> [PROVIDED DATA]
________________________________________

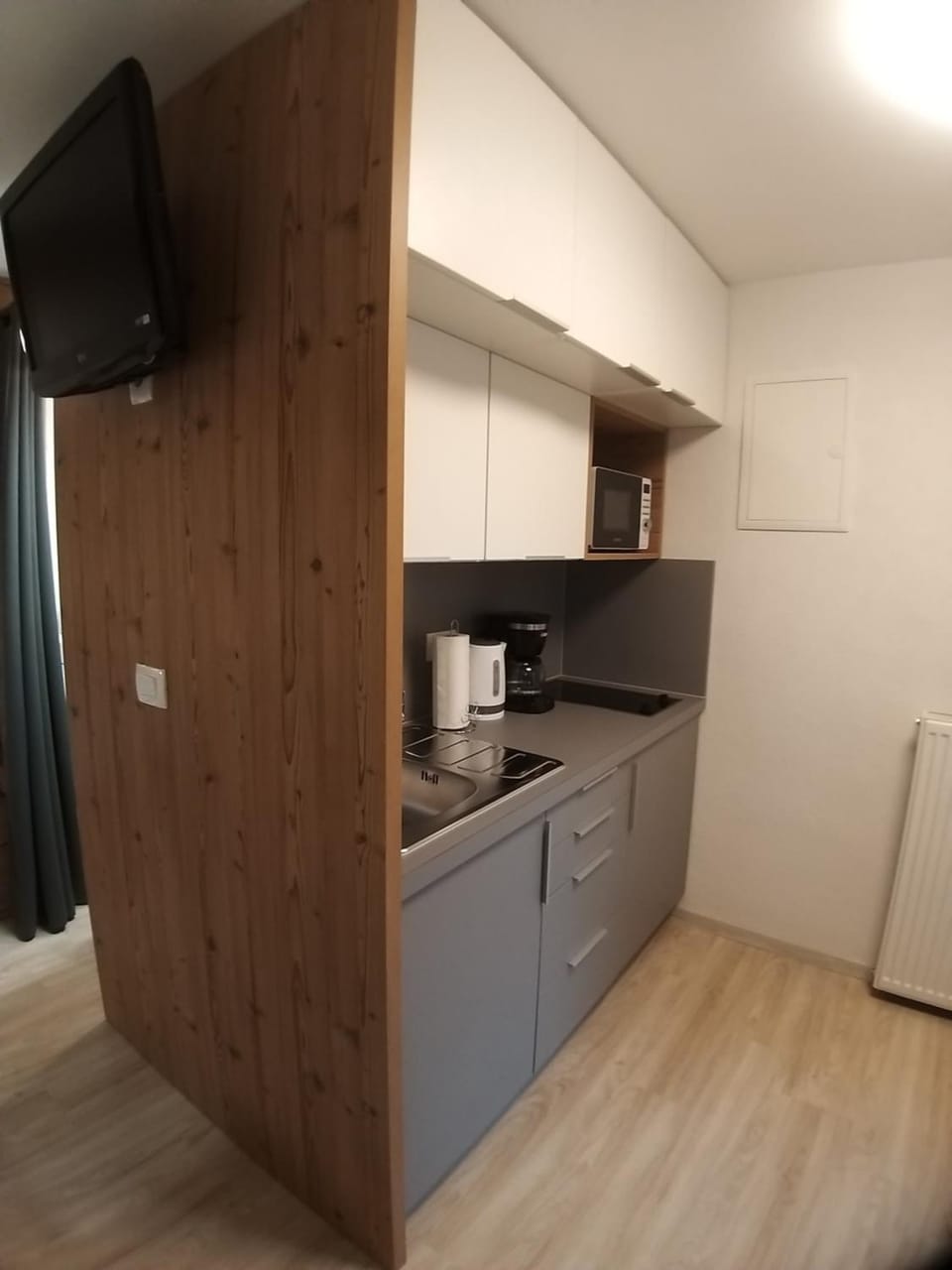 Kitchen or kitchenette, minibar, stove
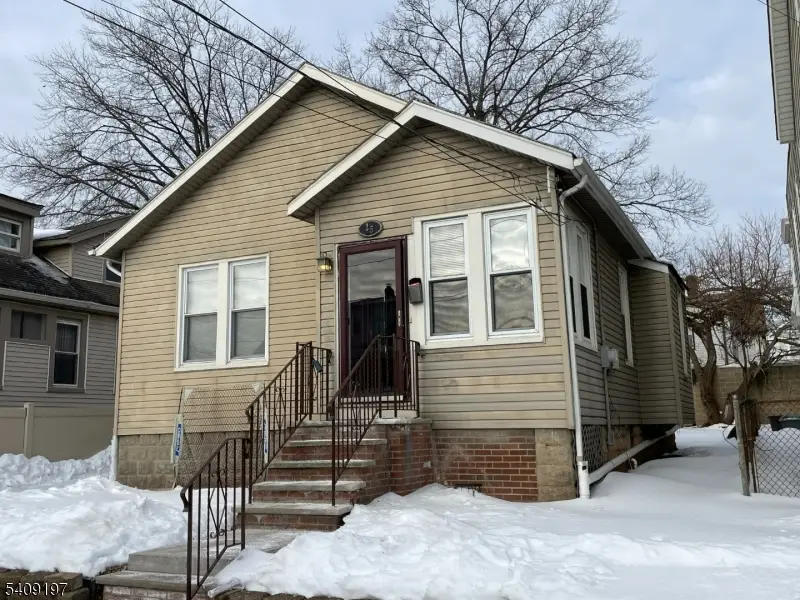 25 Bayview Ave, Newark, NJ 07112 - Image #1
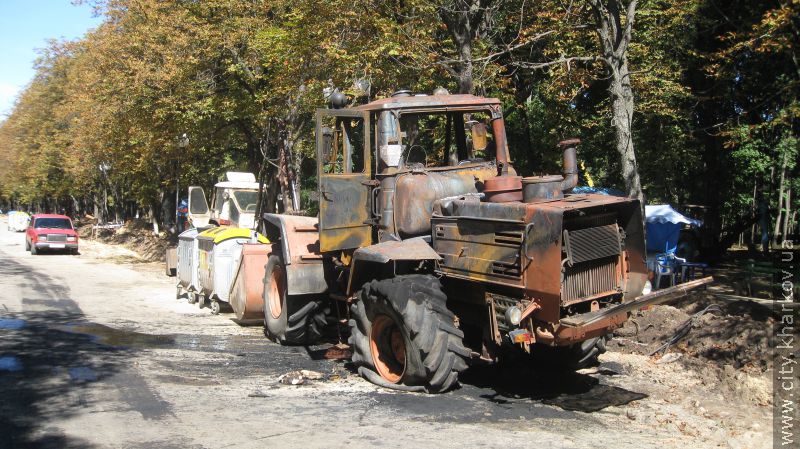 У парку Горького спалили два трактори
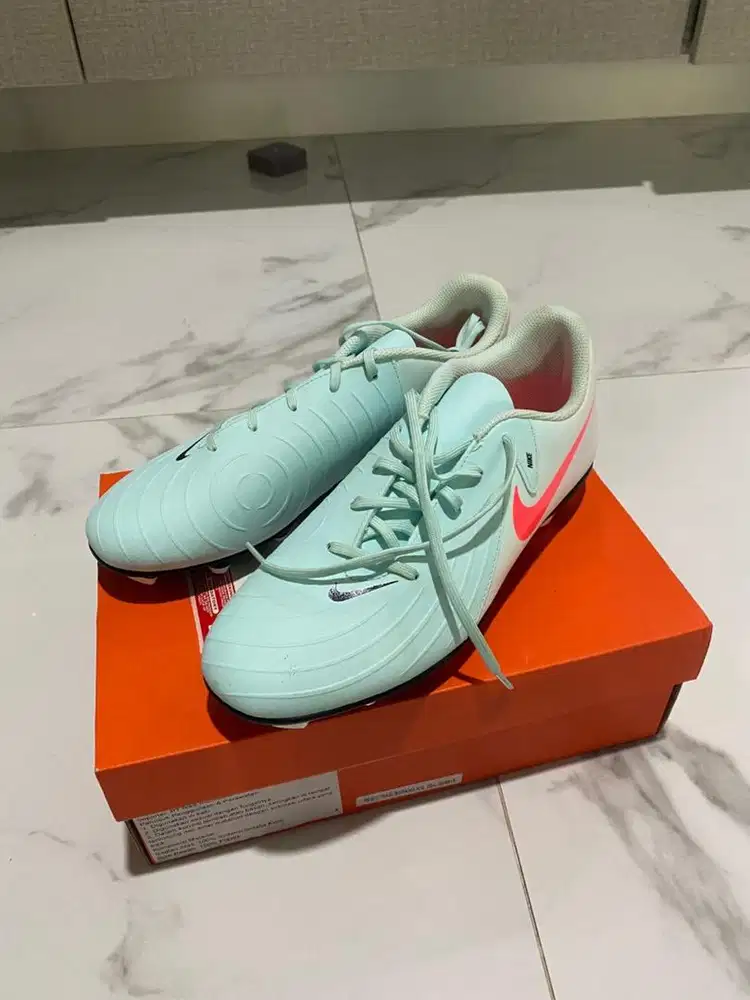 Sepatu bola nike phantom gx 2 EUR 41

________________________________________

> [WHAT THE TASK REQUIRES]
Take the line containing "У парку Горького спалили два трактори" and all lines after it to the end of the data above, and reproduce them exactly, leaving out pictures. Nothing else belongs in the copy.

> [ANSWER TO THIS TASK]
 У парку Горького спалили два трактори
 Sepatu bola nike phantom gx 2 EUR 41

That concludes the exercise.